Esse sentimento rouba a nossa energia criadora e sem ela, manifesta-se a letargia, o sono, a preguiça e para não se entregar a eles, busca-se uma ocupação qualquer, um passatempo...
Quando penso nisso, lembro-me sempre das frases de meu pai:
- Meu filho, é melhor manter a mente sempre ocupada com alguma coisa... Cabeça vazia, oficina do diabo!...
É o cafezinho na padaria, o jornal do dia, a revista semanal, a balinha de coco, a mudança do dial do rádio, a corridinha no shopping, aquele cigarrinho (licito ou ilícito)...

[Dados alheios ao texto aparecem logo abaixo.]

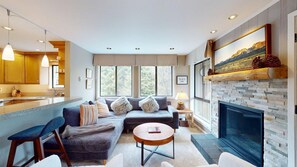 TV, fireplace - Cottonwood Condo 1413 - Remodeled Near Historic Sun Valley Lodge and Ice Rink (Sun Valley)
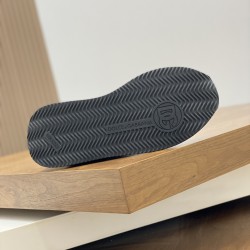 DG Shoes: Top Quality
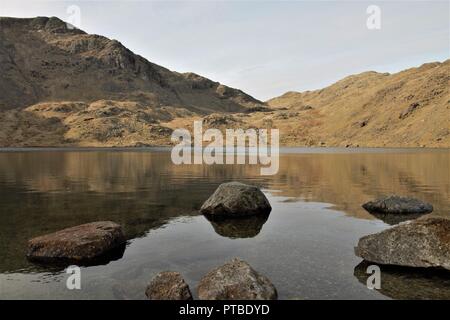 Hebel Wasser in der Coniston Bergen über die coppermines Tal im englischen Lake District, Cumbria GROSSBRITANNIEN. Stockfoto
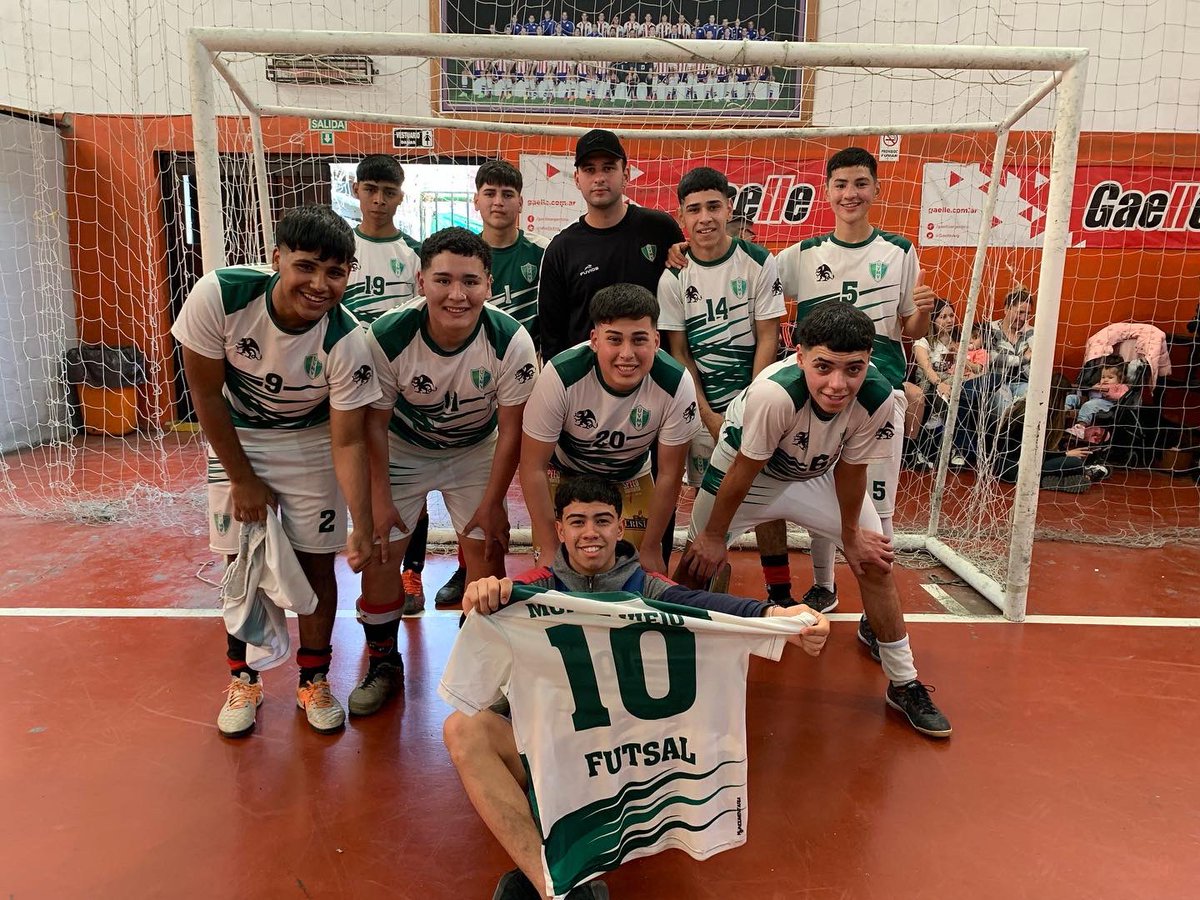 MviejoFutsal's tweet photo. #FutsalBAFI ¡Gran jornada para El Verde!

El Verde visitó a Laureles Argentinos por la fecha 5 de la Copa de Oro de @bafi_futsal
Resultados:
Primera división: victoria 9-1
Tercera división: victoria 5-1
Cuarta división: empate 3-3
Quinta división: derrota 5-3

#VamosQueVamos https://t.co/qvYaxrhlJq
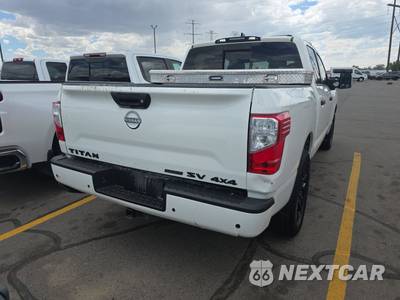 2023 Nissan TITAN SV Crew Cab Short Bed - zdjęcie 4 z 40 - miniatura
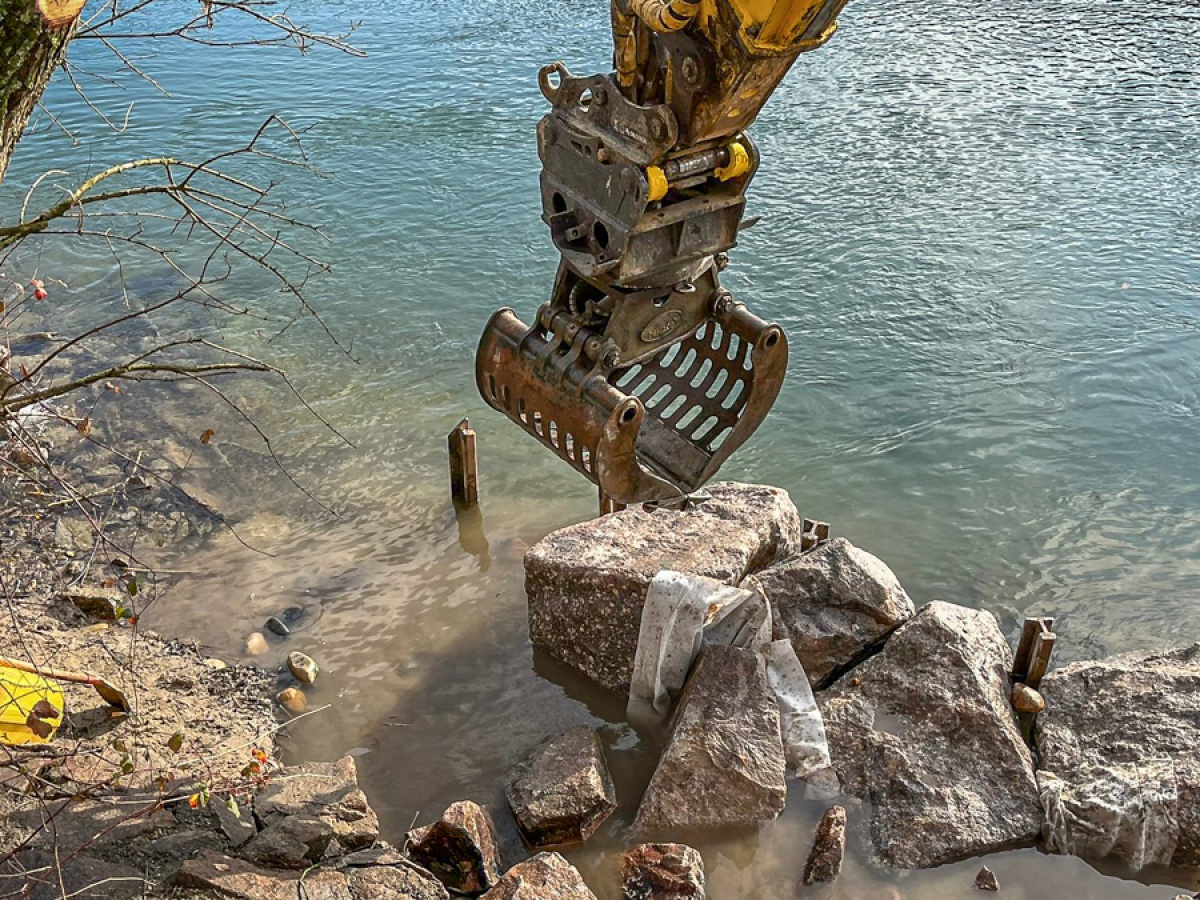 Gewässerbau - Schreitbagger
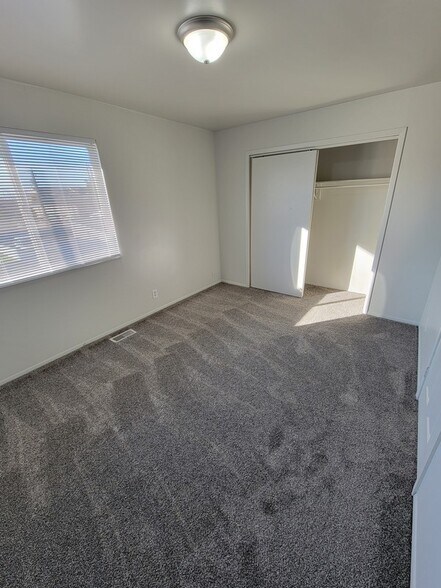 Building Photo - 586 Tiffany Town Dr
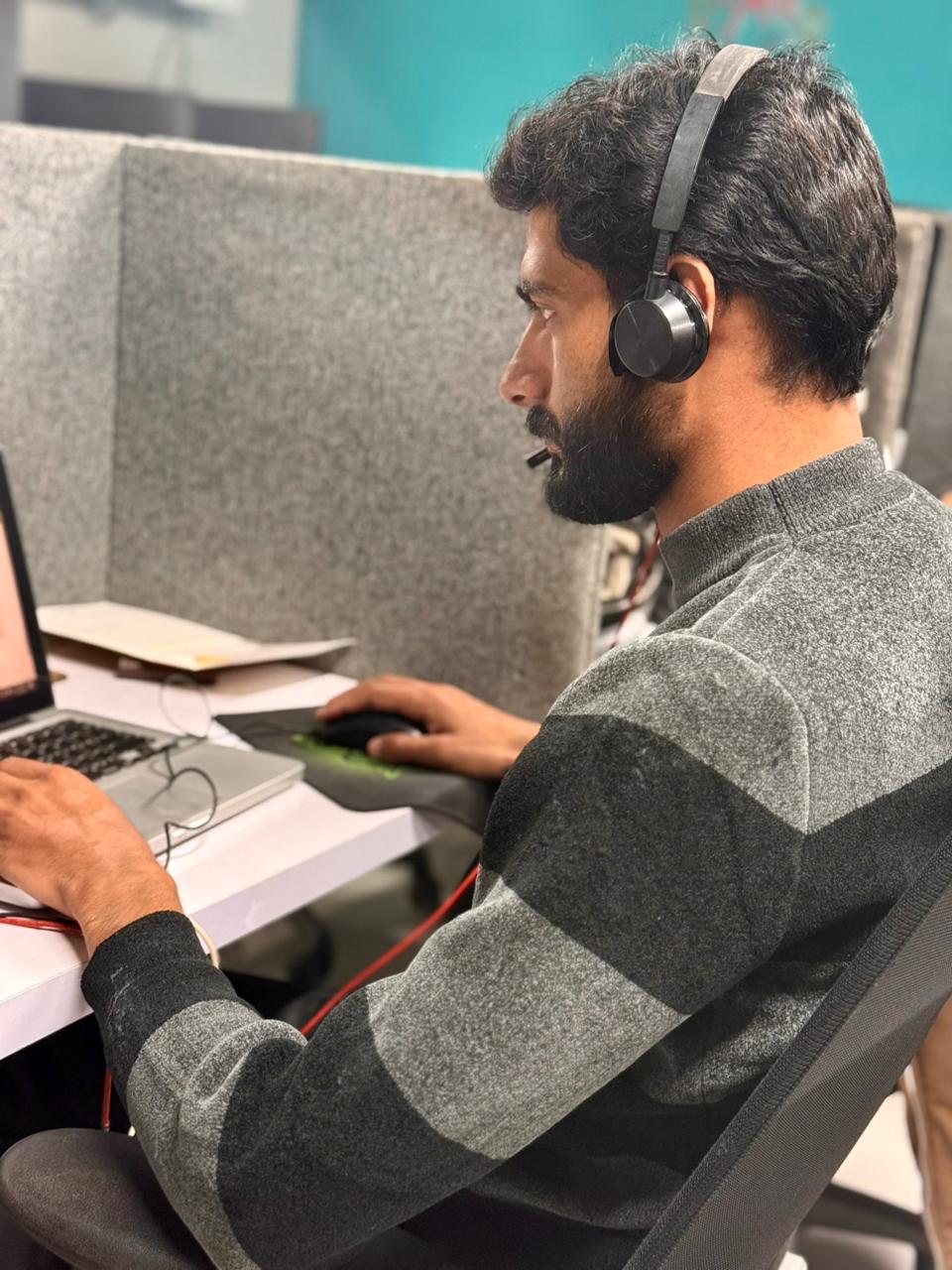 Professional Call Center Agent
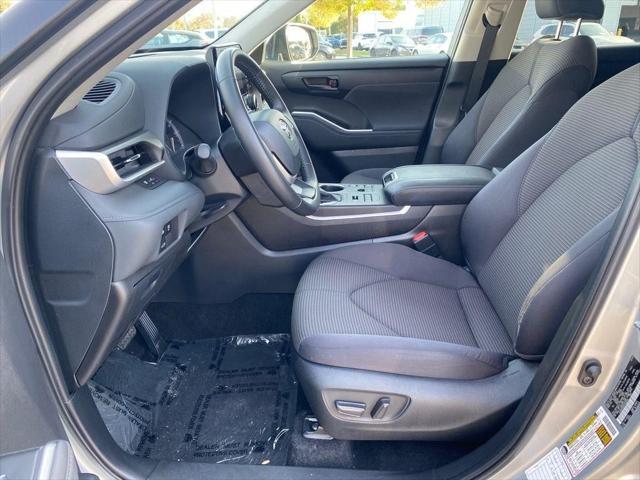 used 2024 Toyota Highlander car, priced at $39,991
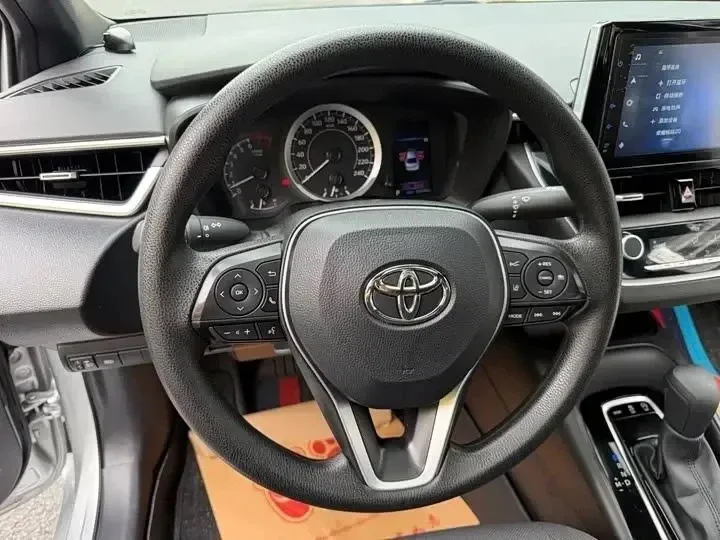 Друзья, всем отличных выходных 👋👋  🇨🇳Делимся вариантом на Toyota Levin из Китая  Седан для китайског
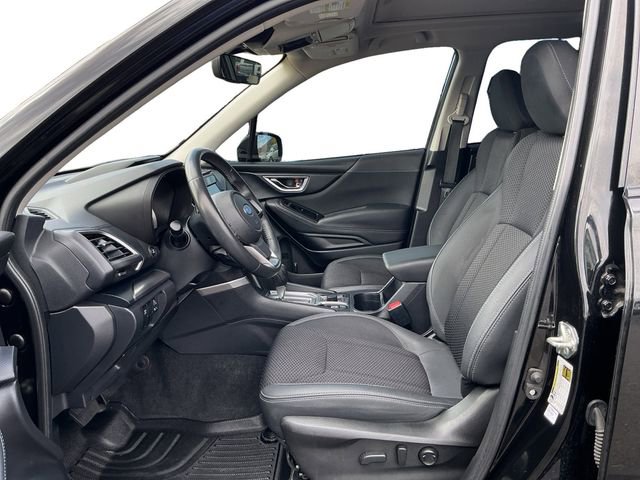 Used 2023 Subaru Forester Premium AWD/4WD image 3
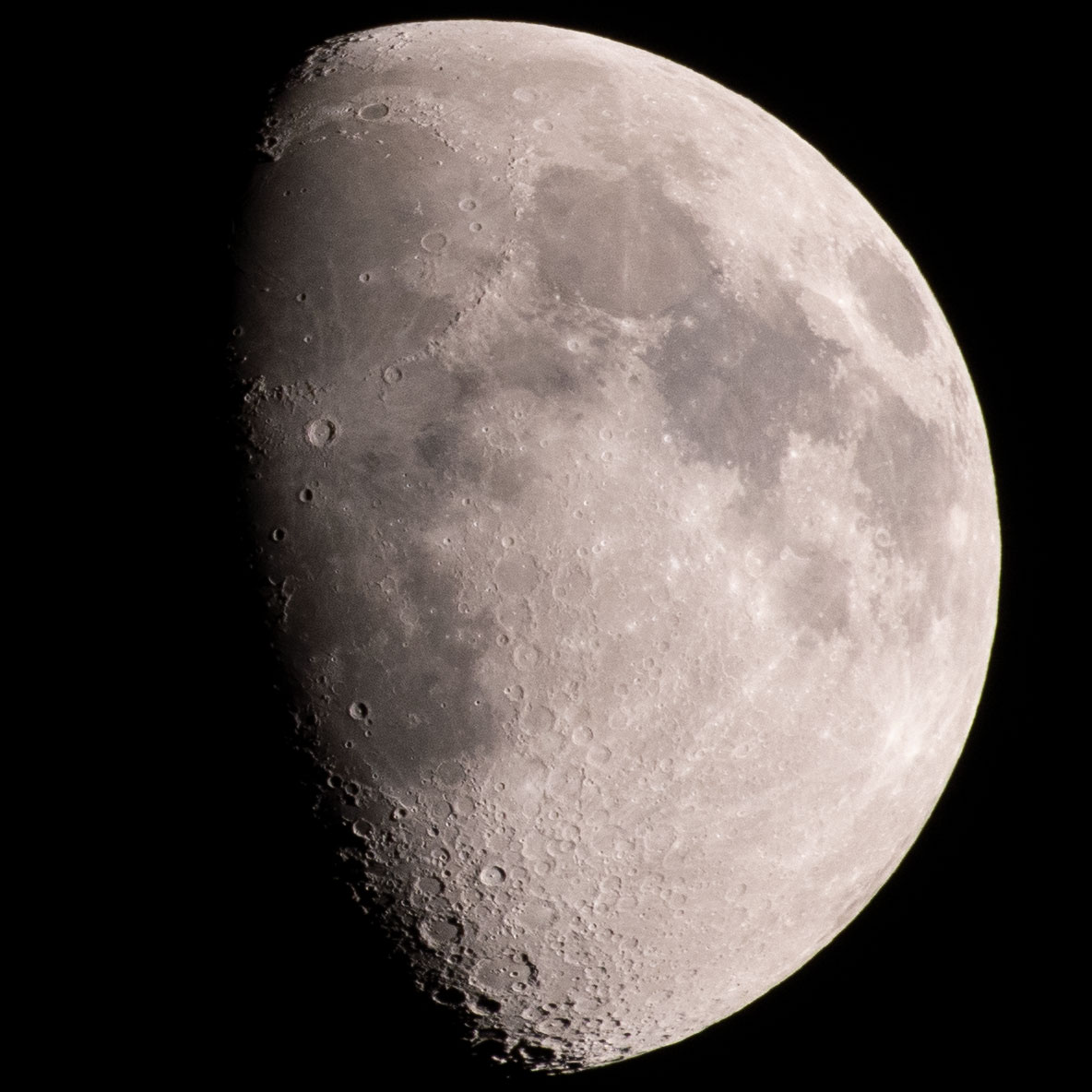 GX85moon.jpg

É o flerte e a sedução, a caixa de e-mails, o MSN, um novo texto, um novo site, um torpedinho no celular, uma passadinha rápida no Orkut ou no Blog longe dos olhos do patrão...
Uma ligação para um amigo, para a amante (a esposa é sempre a última das opções – pode trazer problemas que nos deixem ainda mais entediados!)...
É um novo softer, um novo filme, um novo joguinho ou baixar uma infinidade de mp3...
Quem sabe um grande negócio? Uma viagem para o Everest? Um final de semana num SPA?
Um sistema de yoga e meditação? Uma nova religião? Um novo credo?...
Credo!
Um novo escritor ou ousar organizar-se como tal?
Mas nada disso parece resolver; são apenas paliativos para situações momentâneas... Ele continua lá!...
E tão logo o efeito da “novocaína” – o anestésico do novo – encerra seu efeito, nosso conhecido inimigo comum se apresenta com juros e correções, por vezes não só monetárias, como também emocionais! E o resultado?
Ressaca...
Rodamos, rodamos, rodamos e rodamos mais um pouquinho e acabamos nos entediando de tanto rodar neste “museu de grandes novidades”, como já dizia o poeta.
E constatando tudo isso me pergunto:
O que fazer?
O que será que ocorre quando o tédio chega em sua plenitude?
Será possível viver a plenitude do tédio, experimentá-lo em sua totalidade?
Confesso que nunca me permiti passar por esta experiência. O próprio fato de escrever sobre o tédio já é uma infrutífera tentativa de me distrair do mesmo. Quem sabe seja melhor parar de escrever antes que você, leitor, projete seu próprio tédio para este texto...
É! Parece não ter jeito!
Se correr o tédio pega, se sentar o tédio come!...
E come lentamente... Os aposentados que o digam!
O que? Já sei!... Lá vem você com aquele pensamento coletivo dizendo que isso é “falta de Jesus em minha vida!”...
Quer saber? Na altura do campeonato, acho que até Jesus deve estar entediado com esse tipo de pensamento: Só Jesus salva!
Tudo bem! E depois?...
Quem é que vai me salvar de Jesus?
Ok! Ok!...
Melhor um tédio espiritual que um tédio comercial!...
E assim caminha a humanidade!...Que tédio!